Een Zwitserse zuster van Don Bosco klaagt de penibele levensomstandigheden van migranten in de Maghreb aan.
De Noord-Afrikaanse landen rond de Middellandse Zee worden overvraagd door een invasie van Afrikaanse migranten die Europa hopen te bereiken. Dat getuigt de 70-jarige Maria Rohrer, een Zwitserse zuster van Don Bosco, die van vlak voor het begin van Arabische lente in 2010 in het land als missiezuster actief is. In onze parochie in het noordoosten van de hoofdstad Tunis vieren wij eucharistie met tachtig verschillende nationaliteiten. Het aantal zwarte Afrikanen is plots heel sterk gestegen. Bijna allemaal, zonder uitzondering, hopen ze in Tunesië geld te verdienen voor de overtocht naar Europa.

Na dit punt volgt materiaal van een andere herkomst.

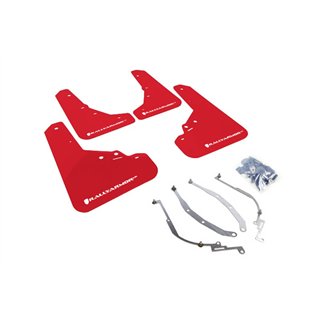 Rallyarmor | Red Mud flap White Logo - Fiat 500 / Abarth 2012-2018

Volgens zuster Maria Rohrer worden ook vele moeders en minderjarige meisjes slachtoffer van de mensenhandel. Zij worden gelokt met jobaanbiedingen, waarvoor het ticket vooraf betaald is. Eens in Tunesië, moeten zij werken als huishoudhulp, dienstbode of komen zij terecht in de prostitutie. Later verdwijnen de migranten richting Libië, van waaruit zij als bootvluchteling Europa hopen te bereiken. Maar in Libië worden ze hun geld, horloge, documenten, mobiele telefoon en andere bezittingen afgenomen en worden zij opgesloten in gevangenissen, in kampen die te vergelijken zijn met de concentratiekampen van tijdens de Tweede Wereldoorlog. Wie toch de schepen bereikt, is zo uitgehongerd en ziek dat hij vaak tijdens de overtocht sterft.